*Problem statement*:
Starting at the line below holding "Camper Peu Rambla Vulcanizado Sneakers Low -camper" and stopping at the line holding "Short Sleeves - Rise", print every line exactly, both ends included, and leave the rest out.

*Records for the task*:
+ + + + + + +
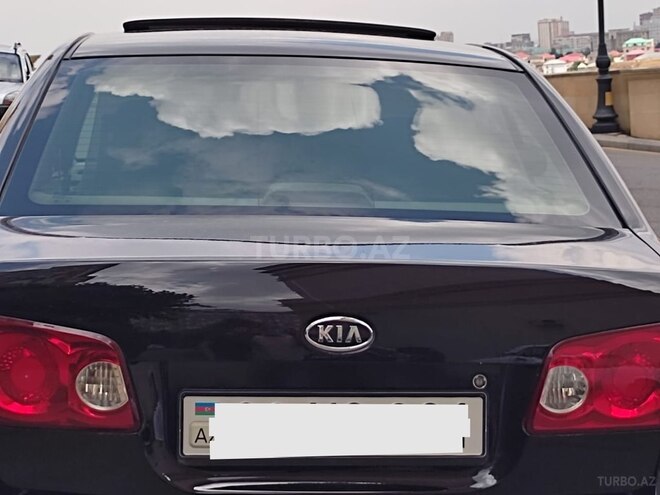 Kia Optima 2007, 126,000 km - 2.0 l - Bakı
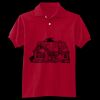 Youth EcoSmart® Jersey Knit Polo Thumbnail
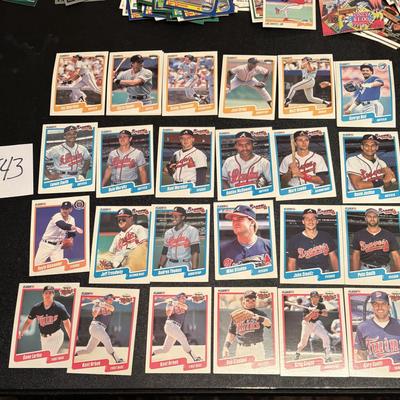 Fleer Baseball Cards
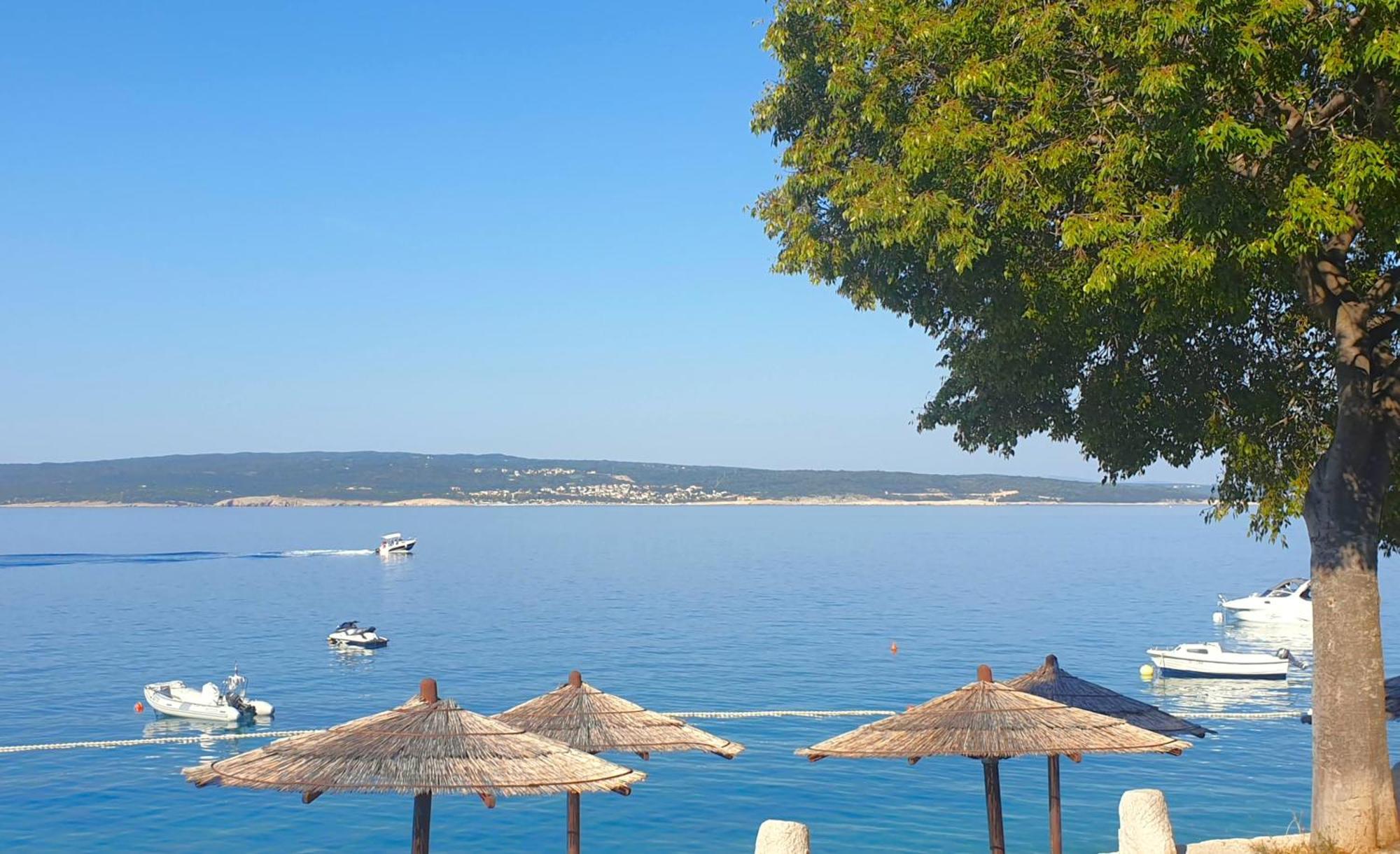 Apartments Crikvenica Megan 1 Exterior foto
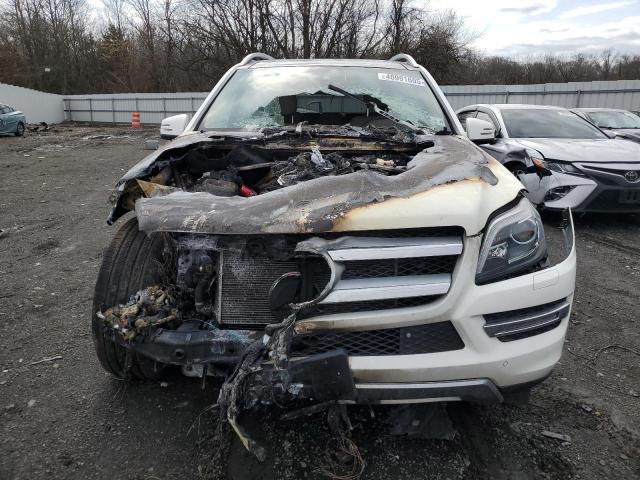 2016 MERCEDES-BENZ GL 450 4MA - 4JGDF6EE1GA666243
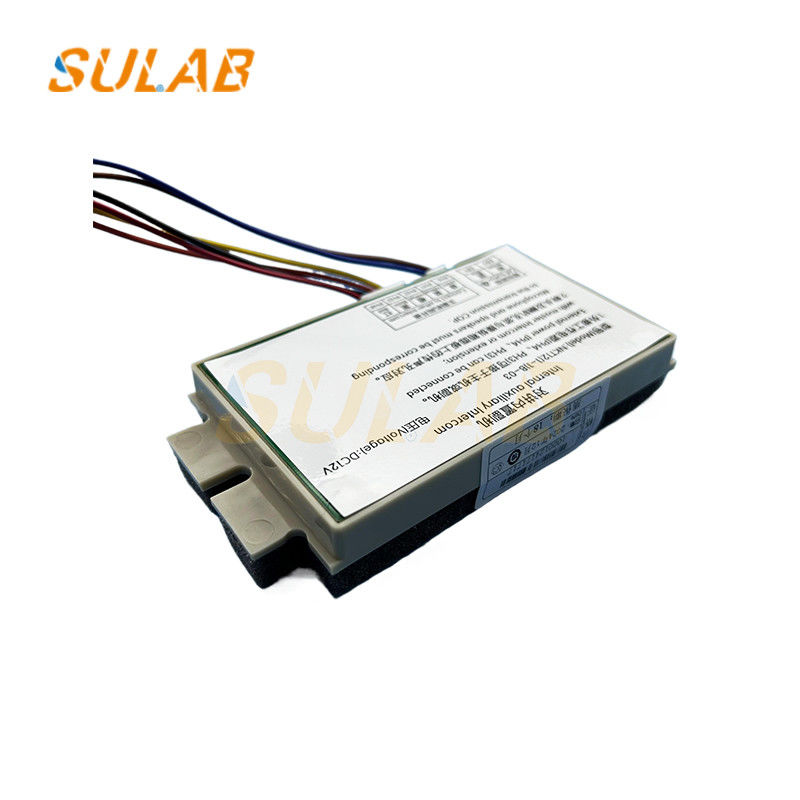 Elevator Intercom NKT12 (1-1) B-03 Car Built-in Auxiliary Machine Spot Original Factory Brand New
+ + + + + + +
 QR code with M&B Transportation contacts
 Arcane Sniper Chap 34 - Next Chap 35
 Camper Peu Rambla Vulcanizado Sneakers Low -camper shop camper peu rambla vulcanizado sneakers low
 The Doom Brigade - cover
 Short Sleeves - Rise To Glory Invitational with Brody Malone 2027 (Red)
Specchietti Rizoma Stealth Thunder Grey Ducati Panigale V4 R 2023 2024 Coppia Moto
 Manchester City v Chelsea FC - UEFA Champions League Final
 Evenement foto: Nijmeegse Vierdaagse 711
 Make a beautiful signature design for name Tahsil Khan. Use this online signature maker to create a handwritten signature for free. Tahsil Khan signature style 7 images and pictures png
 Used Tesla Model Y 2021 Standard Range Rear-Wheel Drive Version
+ + + + + + +
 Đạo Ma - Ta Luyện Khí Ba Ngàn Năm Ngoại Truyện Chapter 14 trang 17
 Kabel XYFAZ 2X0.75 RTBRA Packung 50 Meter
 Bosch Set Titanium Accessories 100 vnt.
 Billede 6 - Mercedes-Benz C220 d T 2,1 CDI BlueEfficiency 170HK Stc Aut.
+ + + + + + +
*Task response*:
 Camper Peu Rambla Vulcanizado Sneakers Low -camper shop camper peu rambla vulcanizado sneakers low
 The Doom Brigade - cover
 Short Sleeves - Rise To Glory Invitational with Brody Malone 2027 (Red)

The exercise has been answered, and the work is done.